14KB is compressed size, not raw size

The 14KB slow start threshold refers to the data on the wire after compression. A 50KB HTML file that gzip-compresses to 12KB fits in the first congestion window. Always measure compressed sizes when optimizing for the critical rendering path.

Quiz

Why does TCP start with a small congestion window instead of sending data at full speed?

ABCD

Congestion Control: What Happens When the Pipe Is Full

Slow start keeps doubling the congestion window until one of two things happens:

Packet loss is detected — the window drops dramatically (TCP Reno halves it, TCP CUBIC uses a cubic function to recover)
The slow start threshold is reached — growth switches from exponential to linear (congestion avoidance mode)

Modern operating systems use TCP CUBIC (Linux default) or TCP BBR (Google's algorithm). BBR is notable because it doesn't wait for packet loss to detect congestion — it measures RTT and bandwidth to find the optimal sending rate. Google reported 2-25% throughput improvements when they deployed BBR on YouTube.

TCP BBR vs CUBIC

Traditional loss-based algorithms (Reno, CUBIC) treat packet loss as the signal to slow down. This works, but it means they fill buffers until packets drop — causing "bufferbloat" (high latency). BBR takes a different approach: it periodically probes for bandwidth and RTT, building a model of the network path. It aims to send at the bottleneck bandwidth without filling intermediate buffers. BBR v2 (deployed at Google since 2023) improves fairness with CUBIC flows and handles packet loss more gracefully than BBR v1.

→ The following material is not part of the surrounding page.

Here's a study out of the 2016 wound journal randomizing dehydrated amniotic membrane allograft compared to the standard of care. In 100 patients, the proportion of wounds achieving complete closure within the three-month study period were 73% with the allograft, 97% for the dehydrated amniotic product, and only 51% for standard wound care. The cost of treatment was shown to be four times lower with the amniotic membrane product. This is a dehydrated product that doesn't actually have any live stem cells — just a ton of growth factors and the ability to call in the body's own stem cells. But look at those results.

Connection Reuse: Avoiding Handshake Costs

Since handshakes are expensive, reusing connections is critical:

HTTP/1.1 Keep-Alive — connections stay open for multiple requests (default behavior)
HTTP/2 multiplexing — a single connection carries all requests to an origin
HTTP/3 — uses QUIC, which has its own connection migration (survives network changes)
preconnect — completes TCP + TLS before resources are needed

<!-- Complete DNS + TCP + TLS for critical origins early -->
<link rel="preconnect" href="https://fonts.gstatic.com" crossorigin>

The single most impactful thing you can do for connection performance is reduce the number of unique origins your page depends on. Each new origin means a new TCP + TLS handshake.

Common Mistakes

What developers do	What they should do
Thinking TLS adds significant overhead to every request A single HTTP/2 connection to an origin handles all requests. The TLS handshake happens once when the connection opens, then all subsequent requests flow through the same encrypted connection with zero additional TLS overhead.	TLS handshake cost is per-connection, not per-request. With keep-alive and HTTP/2, you pay the cost once.
Ignoring the 14KB critical CSS threshold TCP slow start means only ~14KB flows in the first data round trip. Exceeding this means waiting for the congestion window to grow, adding RTTs to your critical rendering path. Inline critical CSS to stay under this threshold.	Keep critical CSS and initial HTML under 14KB compressed to fit in the first TCP congestion window
Serving a site over HTTP instead of HTTPS 'for performance' TLS 1.3 reduced the handshake to 1 RTT (0-RTT for return visits). Modern HTTP features (HTTP/2, HTTP/3, Service Workers, Brotli) all require HTTPS. Google ranks HTTPS sites higher. The 'HTTP is faster' argument died with TLS 1.2.	HTTPS with TLS 1.3 adds only 1 RTT. The security, SEO, and feature benefits far outweigh this cost.

Key Takeaways

Key Rules

1TCP handshake costs 1 RTT. TLS 1.3 adds 1 more. A new HTTPS connection takes 2 RTTs minimum before data flows.
2TLS 1.3 halved the TLS handshake from 2 RTTs to 1 by sending key shares in the first message. 0-RTT resumption can eliminate TLS latency for return visits.
3TCP slow start limits the first data round trip to ~14KB. Critical CSS and HTML should fit within this window.
4Connection reuse (keep-alive, HTTP/2 multiplexing) avoids repeated handshake costs. Fewer unique origins means fewer handshakes.
50-RTT is fast but vulnerable to replay attacks. Only use it for idempotent (safe) requests like GET.